Motorola Cuts 7,000 More Jobs

Motorola Inc. axed 7,000 jobs in its cellular phone division Tuesday, adding to the more than 9,000 positions eliminated companywide since early December.

The world's No. 2 cellphone maker blamed the latest reductions on the cooling economy, which has put a big chill on industrywide sales and left it with a substantial inventory of unsold phones.

With Tuesday's cuts, Motorola has reduced its work force by more than 10 percent as it careens toward the end of what it expects to be its first quarter with an operating loss since 1985.

Analysts, while calling the actions necessary, said Motorola must still rid itself of an old bugaboo -- an inability to connect well with consumers on the lower-cost phones they prefer.
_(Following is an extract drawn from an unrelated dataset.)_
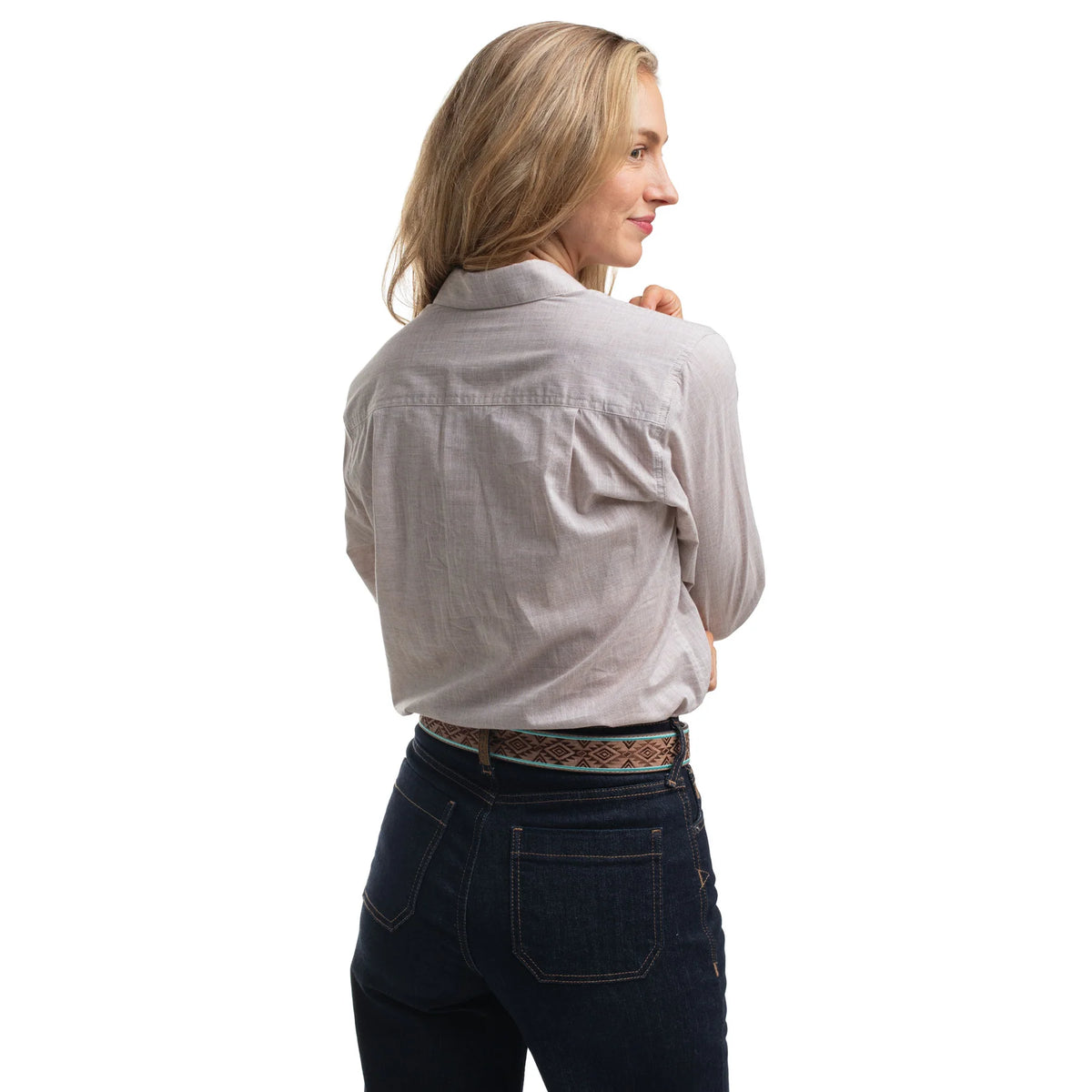 Woman wearing a light gray shirt and dark jeans on a white background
Its failure to do so last year while the cellphone market and economy were still booming started its profit woes and caused it to slip further behind Finland's Nokia.

Motorola gave no breakdown of the latest announced cuts but said they will affect manufacturing, engineering and administrative jobs throughout its worldwide cellphone operations. The bulk are to take place by July.

Once they take effect, 12,000 workers in its once high-flying personal communications division will have been idled by the series of cuts. In a related move, Motorola announced Feb. 23 it was eliminating 4,000 jobs from its semiconductor business, which supplies computer chips for its phones.

Motorola launched its latest restructuring late last year, barely two years after cutting 20,000 jobs and taking a $1 billion loss in 1998, the year Nokia overtook it. Its market share was only 13 percent in the fourth quarter of 2000 compared with 34 percent for Nokia, according to the Gartner Dataquest research firm.